It seems unless you are an ardent AKB48 fanatic purchasing thousands of copies of the same CD to boost your favorite girl’s chances of appearing in the next single, if you are young in Japan, you likely aren’t spending money on music.
A recent survey found that 68.6% of respondents were actually spending 0 yen on downloads over the span of a month.
Given the new tightening of Japanese laws concerning illegal downloading, you might reasonably expect the legal side of things to benefit from hordes of frightened YouTube users rushing out (digitally speaking) to get their hands on tracks the ‘proper’ way. Not so, it seems. In fact, overall digital sales fell in 2010 and 2011, setting a bad precedent that the new law may aggravate.
Okay, so long-time observers will be neither cheered nor surprised by this news, having already no doubt noted the closure of Shibuya’s HMV in 2010, plus the general dearth of good music in the mainstream market and the lack of interest in pop music by not-so-cash-happy younger consumers.
Of course, one survey also does not full market analysis make (and we can’t immediately even find how many people were even surveyed). Music is more than downloads: there are physical CDs, mobile phone ringtones, tickets to gigs, and the empire of merchandise that surrounds grounds like AKB and the spawns of Johnny’s (typically the ubiquitous Arashi).

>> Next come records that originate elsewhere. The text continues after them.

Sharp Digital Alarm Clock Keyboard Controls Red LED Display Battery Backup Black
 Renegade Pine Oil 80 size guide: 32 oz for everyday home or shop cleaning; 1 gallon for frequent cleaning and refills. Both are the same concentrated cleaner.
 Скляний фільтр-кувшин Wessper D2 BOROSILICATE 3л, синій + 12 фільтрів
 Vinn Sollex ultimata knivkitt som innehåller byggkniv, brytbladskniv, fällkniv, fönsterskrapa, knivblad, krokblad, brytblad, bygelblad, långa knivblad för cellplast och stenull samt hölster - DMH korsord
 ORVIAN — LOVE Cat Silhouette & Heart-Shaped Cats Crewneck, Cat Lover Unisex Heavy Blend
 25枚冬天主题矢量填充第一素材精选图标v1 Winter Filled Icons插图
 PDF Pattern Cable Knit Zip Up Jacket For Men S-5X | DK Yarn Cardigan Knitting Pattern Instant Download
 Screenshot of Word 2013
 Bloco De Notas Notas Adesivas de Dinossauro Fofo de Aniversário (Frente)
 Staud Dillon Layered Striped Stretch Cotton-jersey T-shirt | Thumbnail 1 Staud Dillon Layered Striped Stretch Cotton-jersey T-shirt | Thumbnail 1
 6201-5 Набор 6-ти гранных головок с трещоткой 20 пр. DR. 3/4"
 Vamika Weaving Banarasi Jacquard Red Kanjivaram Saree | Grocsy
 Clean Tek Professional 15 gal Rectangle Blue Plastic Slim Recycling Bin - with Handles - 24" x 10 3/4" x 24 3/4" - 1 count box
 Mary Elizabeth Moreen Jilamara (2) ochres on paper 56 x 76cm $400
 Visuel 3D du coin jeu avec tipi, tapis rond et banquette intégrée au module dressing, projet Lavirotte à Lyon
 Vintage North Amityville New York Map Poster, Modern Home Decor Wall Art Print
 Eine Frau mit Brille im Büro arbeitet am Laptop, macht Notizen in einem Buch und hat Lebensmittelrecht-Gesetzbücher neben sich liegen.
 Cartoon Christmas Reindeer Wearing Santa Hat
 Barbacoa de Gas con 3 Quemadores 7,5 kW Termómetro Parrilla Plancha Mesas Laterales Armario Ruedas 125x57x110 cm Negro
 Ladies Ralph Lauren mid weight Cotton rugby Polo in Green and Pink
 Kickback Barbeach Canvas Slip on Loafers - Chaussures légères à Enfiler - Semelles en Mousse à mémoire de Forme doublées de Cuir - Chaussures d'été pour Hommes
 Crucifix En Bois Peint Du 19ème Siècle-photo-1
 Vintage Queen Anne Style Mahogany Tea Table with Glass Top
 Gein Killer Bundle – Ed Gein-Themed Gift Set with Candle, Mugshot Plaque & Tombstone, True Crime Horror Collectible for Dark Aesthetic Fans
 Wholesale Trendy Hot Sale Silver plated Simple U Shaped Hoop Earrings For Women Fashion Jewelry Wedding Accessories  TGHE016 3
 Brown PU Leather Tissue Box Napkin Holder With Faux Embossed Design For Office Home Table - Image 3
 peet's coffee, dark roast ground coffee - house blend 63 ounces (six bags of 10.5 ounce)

And yet music sales in general have plunged back to the levels of three decades’ prior, with a depressing uniformity to the “bestsellers” — they all come from a handful of groups and basically just two agencies, and what tops the charts now were in the past good only for scraping into the top ten. Thus mass market (“pop culture”) events are now more like cult fan phenomena.
But music groups in Japan are no longer created or marketed to sell music; they are born to be fundamentally only an image that can be siphoned through the Dentsu machine to front countless PR campaigns, a result that is quite literally ad nauseum. This is particularly mind-numbing when the “bands” have such sacharine aesthetics as AKB48.
AKB’s aggressive and rather cynical tactics of encouraging fans to buy multiple copies of CDs is working, with 2011’s top ten singles’ music sales improving over previous years’ — but to what real market worth, let alone artistic one?
After all the brouhaha about Perfume “going abroad” when their music was released worldwide for digital download, the predictable press release-fueled media coverage gave way soon enough to, what? Silence? Muted applause? Their fans were happy but the rest of the world — correct me if I’m wrong — did not seem to notice.
The Japanese music industry is dying.